Extract, word for word, each line from the line holding "FIYC_62947_UtilityGreen" through the end of the records. Omit every picture.

(RECORD EXTRACTS Opens)

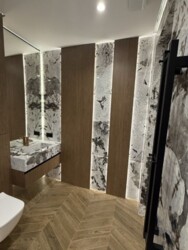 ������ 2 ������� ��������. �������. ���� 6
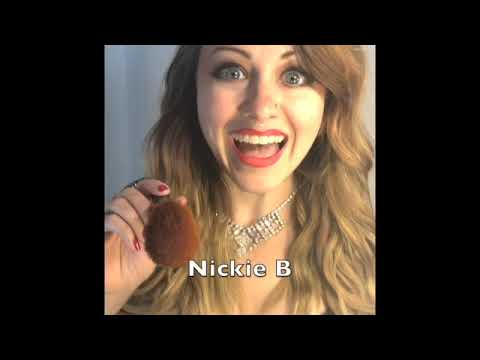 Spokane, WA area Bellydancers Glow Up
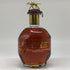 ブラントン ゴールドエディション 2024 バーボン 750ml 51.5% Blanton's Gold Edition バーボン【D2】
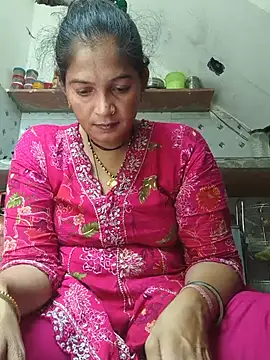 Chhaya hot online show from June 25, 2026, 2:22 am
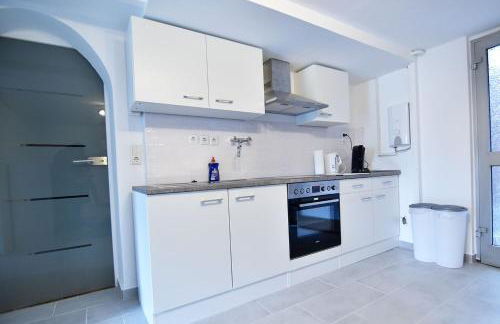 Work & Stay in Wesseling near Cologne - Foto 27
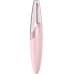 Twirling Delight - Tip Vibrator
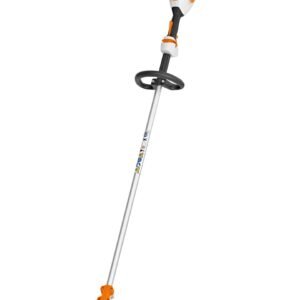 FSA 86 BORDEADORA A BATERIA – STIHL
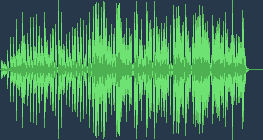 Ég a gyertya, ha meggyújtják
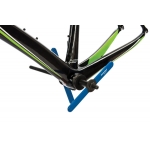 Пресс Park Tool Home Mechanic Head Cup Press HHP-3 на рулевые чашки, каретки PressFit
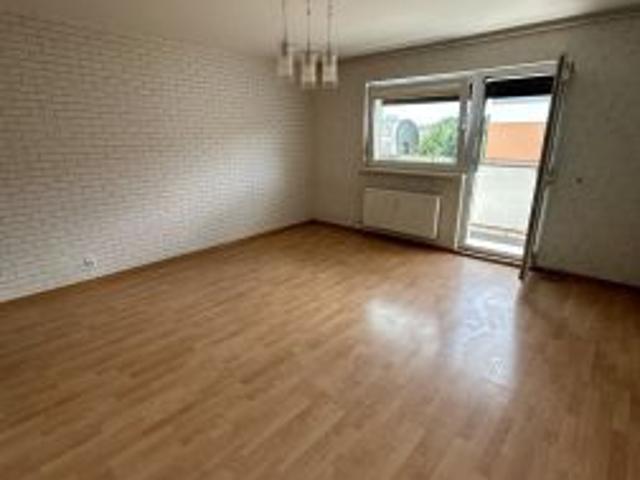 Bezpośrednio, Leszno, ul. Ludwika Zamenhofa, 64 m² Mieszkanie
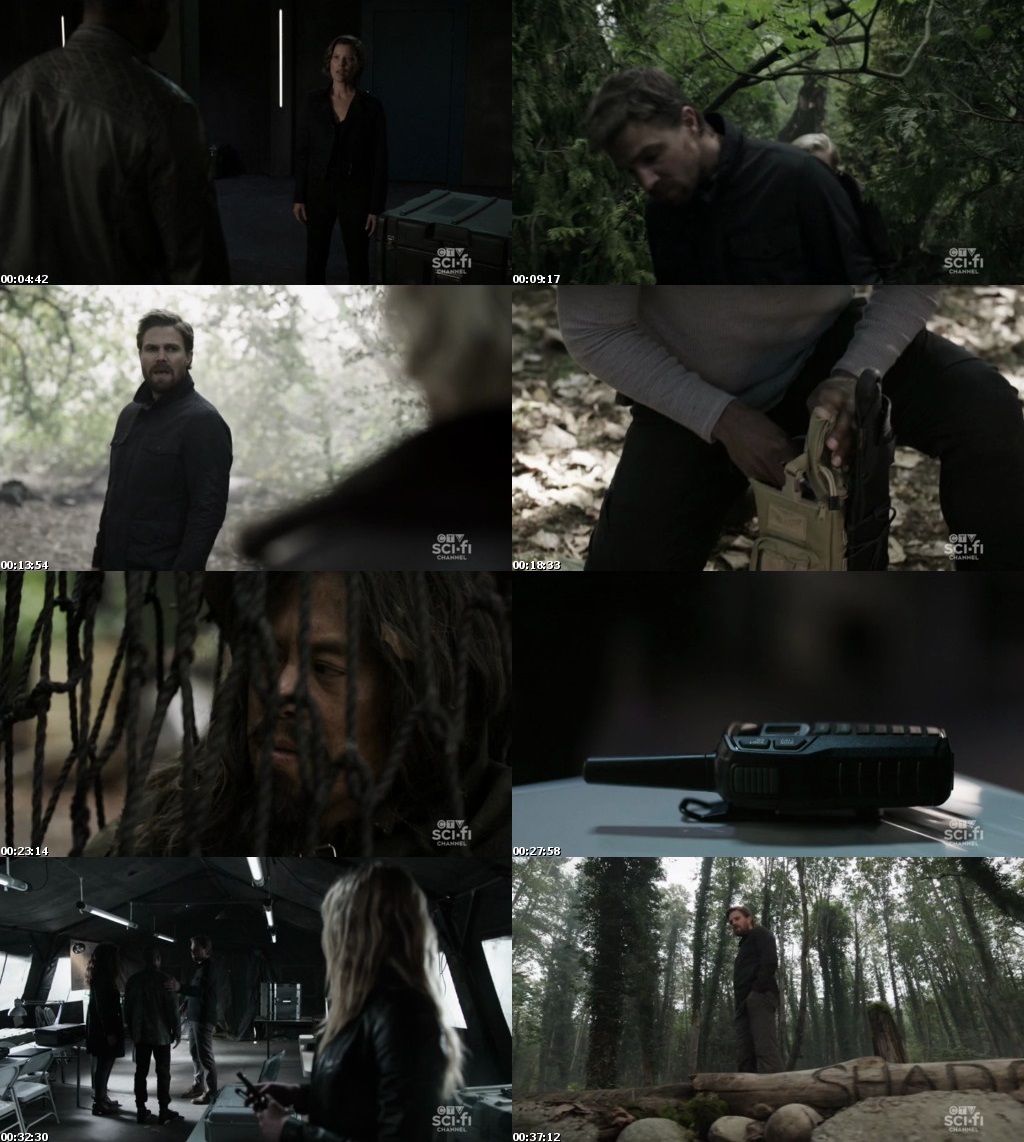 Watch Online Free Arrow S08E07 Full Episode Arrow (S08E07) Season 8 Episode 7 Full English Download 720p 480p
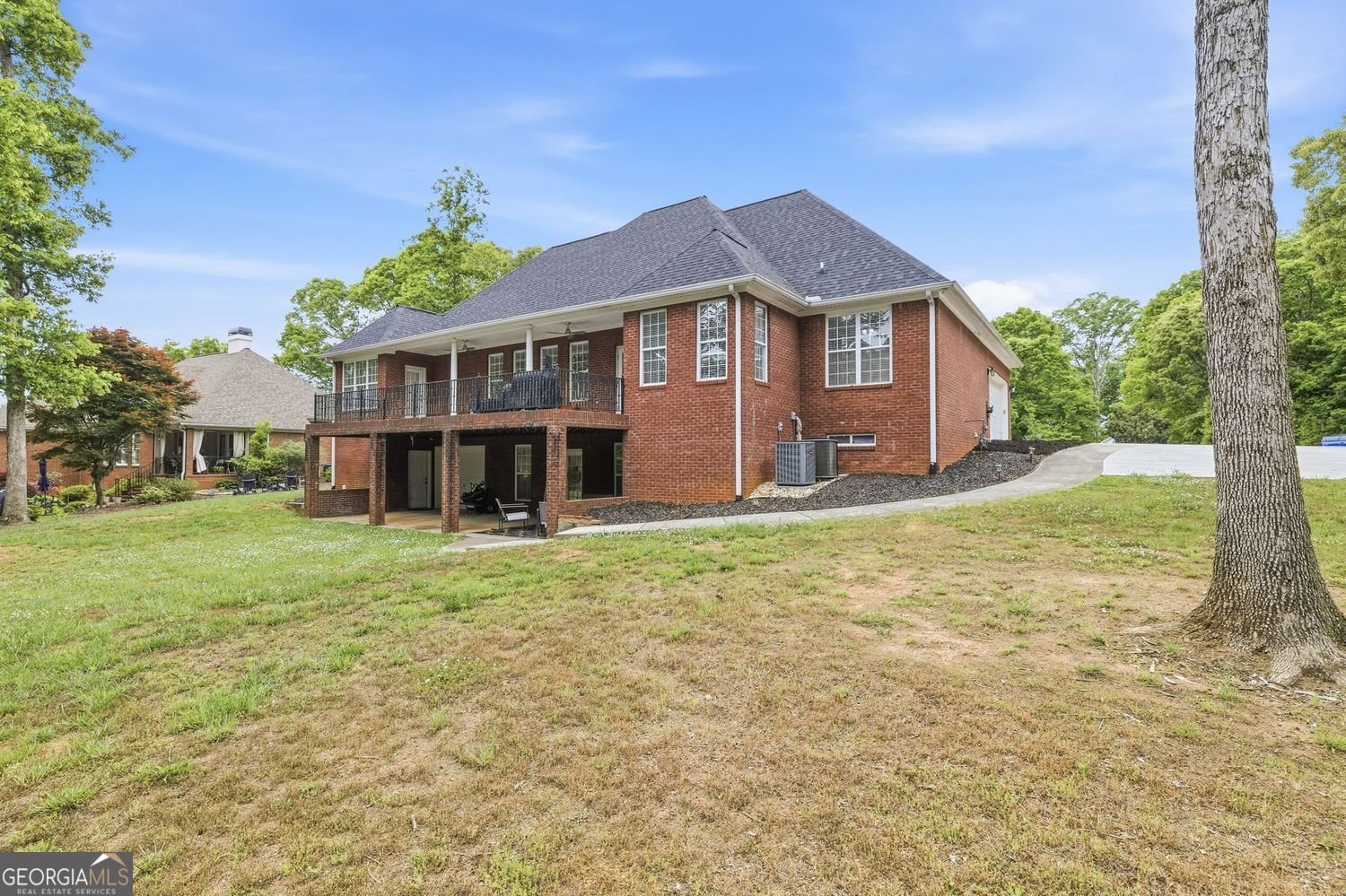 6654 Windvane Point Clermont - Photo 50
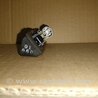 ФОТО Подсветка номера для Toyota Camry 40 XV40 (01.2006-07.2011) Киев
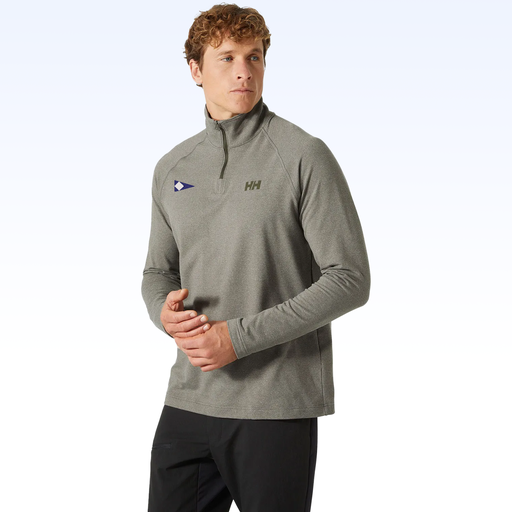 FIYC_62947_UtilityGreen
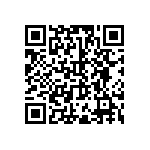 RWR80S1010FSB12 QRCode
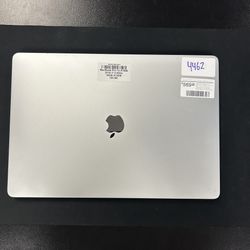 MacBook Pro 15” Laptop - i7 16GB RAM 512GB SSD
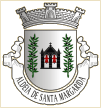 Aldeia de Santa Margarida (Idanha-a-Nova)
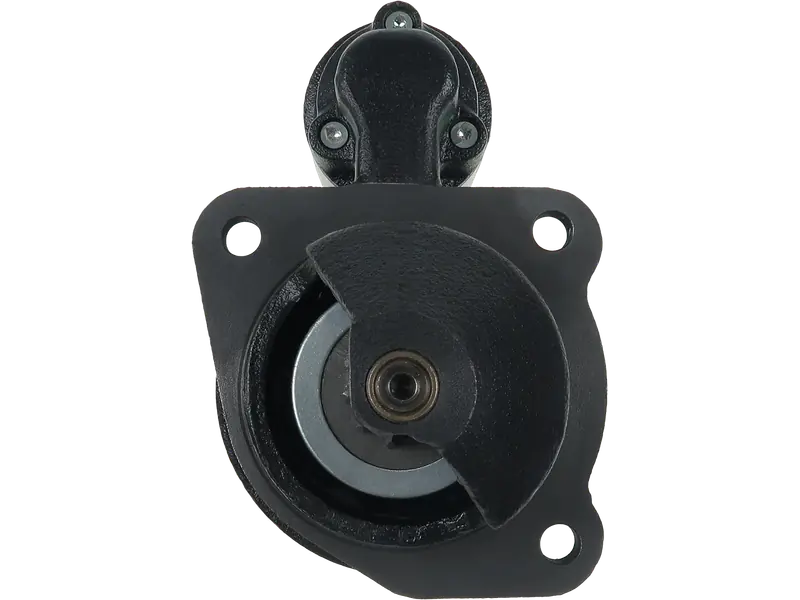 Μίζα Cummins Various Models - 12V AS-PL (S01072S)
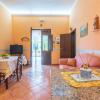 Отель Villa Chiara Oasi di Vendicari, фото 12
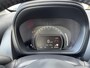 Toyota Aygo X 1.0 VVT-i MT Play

(RECORD EXTRACTS Closes)

◆ SOLVED EXERCISE:
 FIYC_62947_UtilityGreen
 RWR80S1010FSB12 QRCode
 MacBook Pro 15” Laptop - i7 16GB RAM 512GB SSD
 Aldeia de Santa Margarida (Idanha-a-Nova)
 Μίζα Cummins Various Models - 12V AS-PL (S01072S)
 Отель Villa Chiara Oasi di Vendicari, фото 12
 Toyota Aygo X 1.0 VVT-i MT Play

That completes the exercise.